Политические дискуссии могли называться идеологическими даже в те века, когда люди с верху до низу социальной лестницы ссылались на трансцендентные принципы, на религиозные истины, — при условии, что мы включаем в идеологию теологические аргументы и церковные догматы. В нашу эпоху, когда общественные режимы не ссылаются больше на истину, данную Богом, на волю свыше, политика становится специфически идеологической, или, если предпочесть другое выражение, идеологические споры составляют сущность политики.

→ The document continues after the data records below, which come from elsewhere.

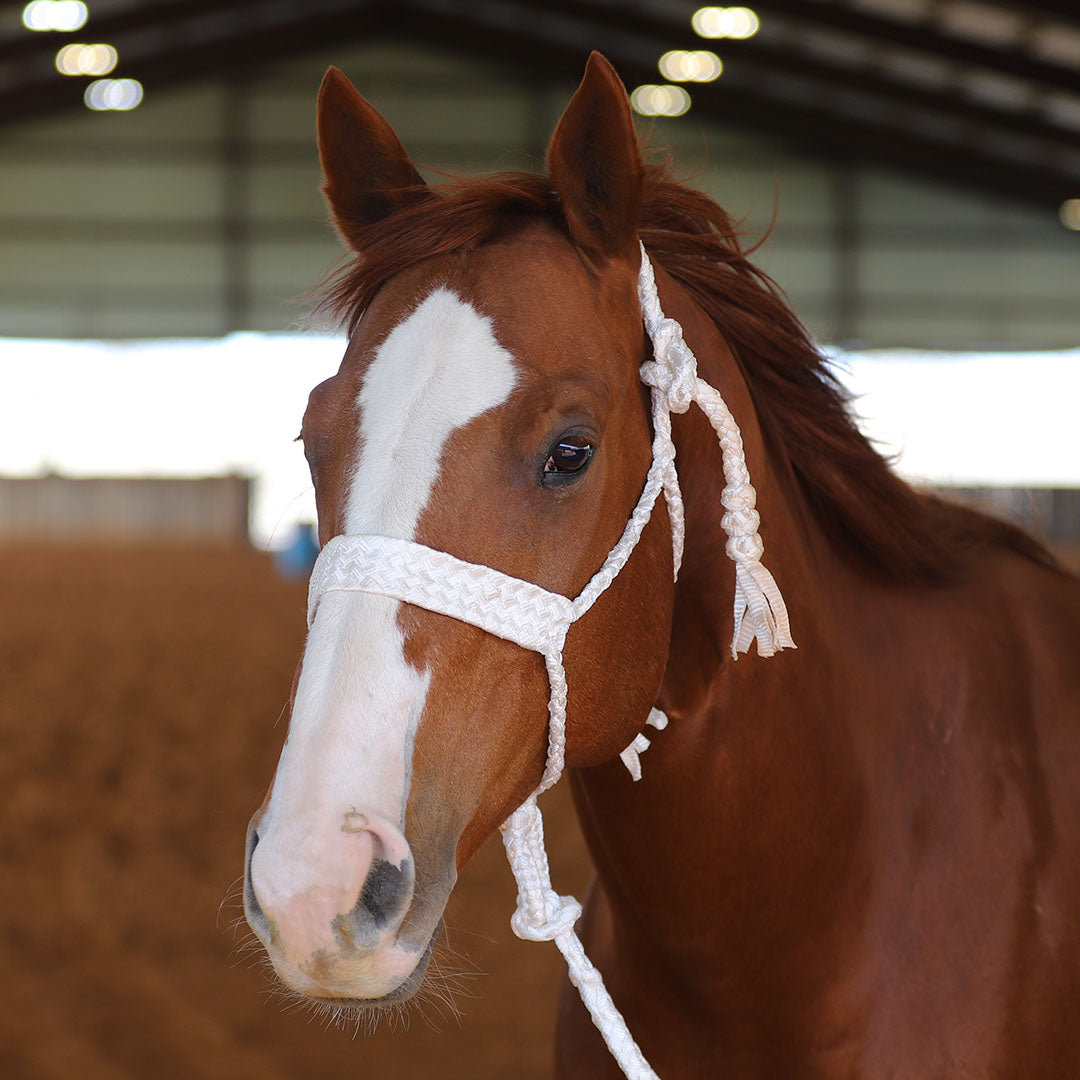 TACKTICAL MULE TAPE HALTER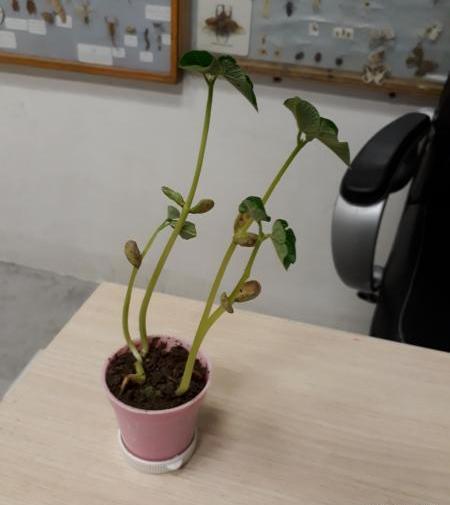 عکس کاشت لوبیا برای مدرسه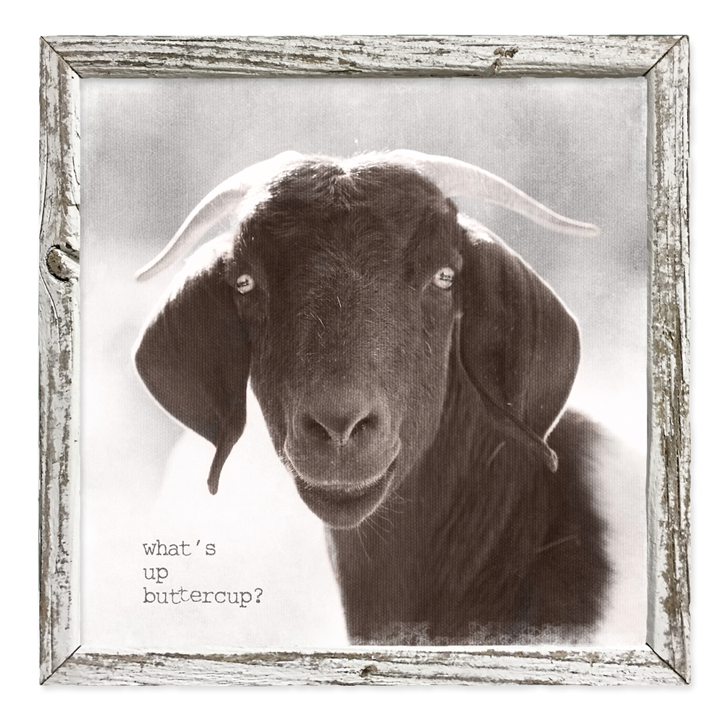 Shelf Art - What's Up Buttercup?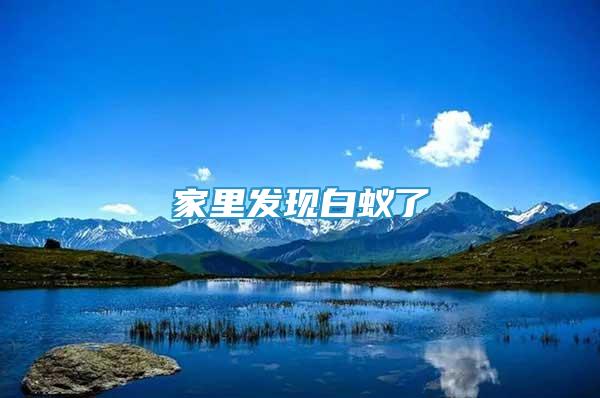 家里發(fā)現(xiàn)白蟻了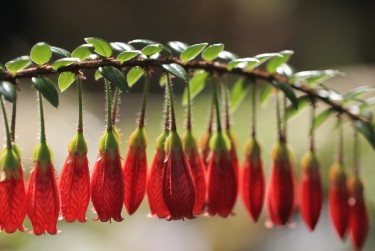 深圳罗湖区3私人快速借钱网，轻松解决资金难题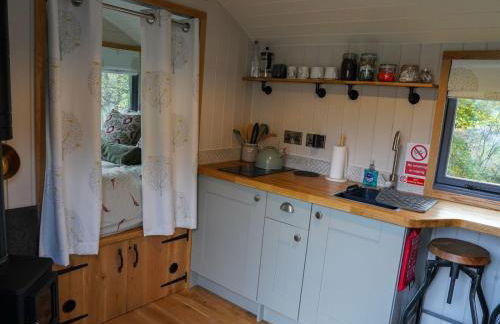 Shepherds hut, Eco, Log burner Hot tub NY moors - Foto 4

Старый режим не основывался на выводах из дебатов интеллектуалов. Легитимность монарха была неотделима от церковной доктрины, легитимность знати опиралась на долгое прошлое. Как только люди поставили под вопрос или отвергли Церковь и традицию и была провозглашена суверенность народа, все партии, все социальные группы оказались вовлеченными в непрерывный спор об общественном строе, наиболее сообразном с господствующими идеями (свободы и равенства), строе, наилучшим образом способствующем богатству коллективов и благосостоянию индивидов. Структура этих оправдательных механизмов варьирует в зависимости от партий и эпох. На одном полюсе идеальный механизм сводится к более или менее строгой комбинации фактов и ценностей; на другом полюсе он выстраивается в системы, претендующие на всеохватность, которые выносят приговор настоящему и пророчествуют о будущем. Я применил термин «идеология» только к механизмам последнего типа; сегодня я задумался бы над тем, насколько это справедливо.